Connecticut Voice

Your LGBTQ+ Voice

Where We Stand

By SENATOR RICHARD BLUMENTHAL

 

A very happy and healthy holiday season to all! This time of year is appropriate for both celebration and reflection—a time to look back on what’s been accomplished and what still needs to be done.

As always, I am honored and grateful to serve Connecticut–a leader in supporting the LGBTQ+ community for decades. Our welcoming and affirming spirit is one of the many reasons I am proud to call our state home. As I travel across the state, I am overjoyed to connect with many of you at Pride parades, health centers, press conferences and many other events. Your advocacy and engagement is inspiring and uplifting.

Around this time last year, Congress passed the Respect for Marriage Act, legislation codifying marriage equality. It was a long overdue step to protect LGBTQ+ Americans and I was honored to celebrate that milestone with many of you. We started the 2023 calendar year on a high note with a win for marriage equality, but also with the clear understanding that there was still much more left to be done to protect LGBTQ+ rights in this country.

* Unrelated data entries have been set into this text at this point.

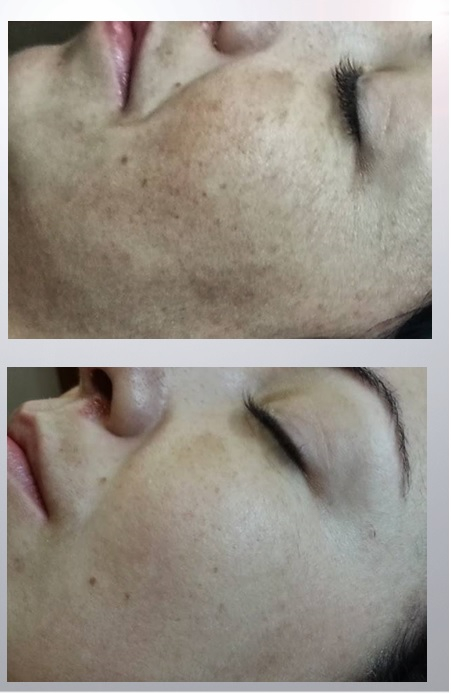 Tratament Phyt’Skin Rénov – Peeling Chimic & Regenerare celulara BIO [8]
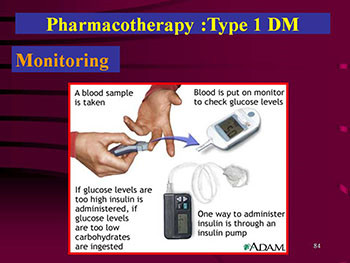 Diabetes Mellitus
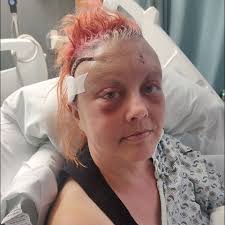 Fundraiser by Shaun Gegan : Fundraiser for Jenna Stevens, Whose Brain  Sabotaged Her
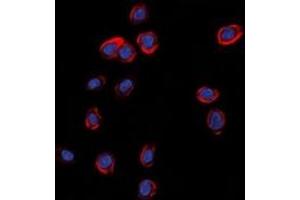 Immunofluorescent analysis of GLUR1 staining in A549 cells. (Glutamate Receptor 1 antibody  (C-Term))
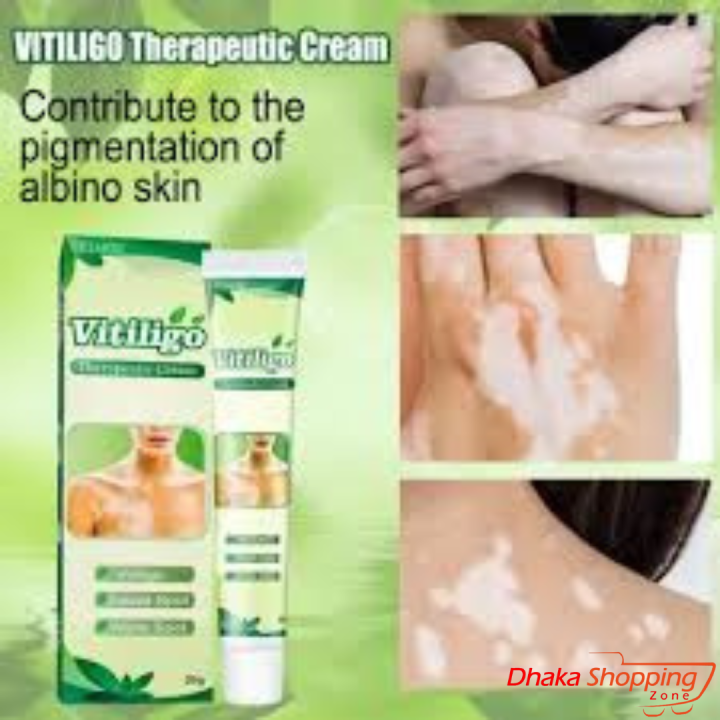 Vitiligo Treatment Cream Healthy White Spot Therapeutic Gel-Bath & Body Accessories - SL Discount Shop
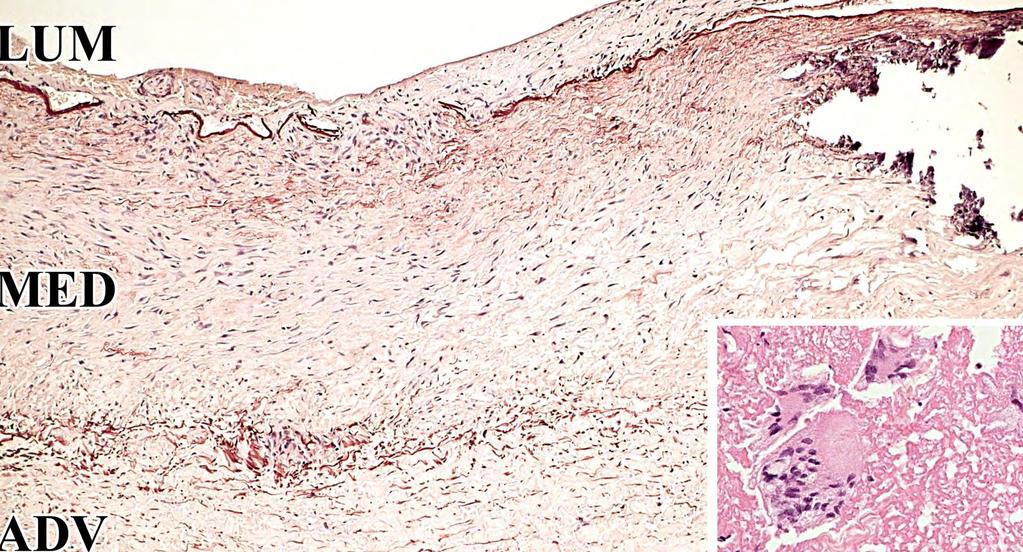 Óriássejtes arteritis szövettan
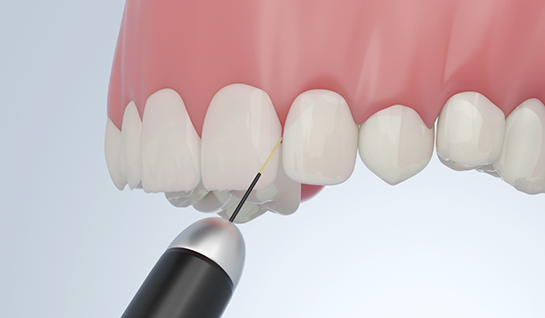 Illustration of gums being treated with soft tissue laser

This year, as with last year, we have seen an alarming increase in hateful and extremist measures and messages targeting the LGBTQ+ community. In July, the Supreme Court ruled that a Colorado graphic design business could discriminate against same-sex couples—rolling back decades of progress in the fight for equality. Let me be very clear: granting business owners the right to refuse service based on who someone loves is immoral, indecent, and incompatible with Constitutional values.

Adding to this alarming legal decision, hundreds of laws targeting the LGBTQ+ community were introduced across the nation. To date, over 520 anti-LGBT+ bills have been advanced in state legislatures—an all-time high according to Human Rights Watch. These bills do everything from restricting health care access to allowing strangers to harass LGBTQ+ youth in schools. These measures are cruel and utterly unacceptable. They prove the desperate need for strong federal protections that prohibit discrimination based on sex, sexual orientation, and gender identity in all areas of public life.

To combat these measures, we reintroduced the EQUALITY Act in June, this legislation would ban discrimination and enshrine federal protections for LGBTQ+ people. This critical legislation has never been more urgent. Discrimination against someone on religious, racial, or ethnic grounds is already illegal. The EQUALITY Act simply extends these same protections to sex, sexual orientation, and gender identity.

I’m also proud to co-sponsor the Gender Affirming Care Access Research for Equity (CARE) Act, which authorizes $25 million for the National Institutes of Health and the Centers for Disease Control and Prevention to study the barriers to gender affirming care and how those barriers might affect health outcomes.

We know that a transgender or nonbinary person faces huge barriers to appropriate, medically necessary health care, and that accessing this care can be a matter of life and death. Of those 520 anti-LGBTQ+ bills, dozens target gender affirming care for trans and non-binary people. As attacks against the LGBTQ+ community escalate and spread, we must fight to ensure access to strong, consistent health care so they can live their truest and most authentic lives. Gender affirming care is backed by decades of research and supported by every major medical association. Our bill will help eliminate health disparities and enable all transgender and non-binary individuals access the care they need.

Finally, we took steps to protect the LGBTQ+ community from discrimination on misapplied religious grounds. Too often, religious freedom laws are used as a weapon to discriminate against the LGBTQ+ community. This year, we introduced the Do No Harm Act to clarify that the Religious Freedom Restoration Act—which was originally intended to protect religious freedom—cannot be used to discriminate and undermine well established civil rights protections.

While I never say I am confident about action in Congress, I am definitely hopeful that we will continue to see progress – thanks to your strong advocacy. I stand with you in this battle for rights and fairness and will keep working and fighting for critical protections.

I wish you all a happy new year full of joy and peace.

Richard Blumenthal is the senior United States Senator from Connecticut, a seat he has held since 2011.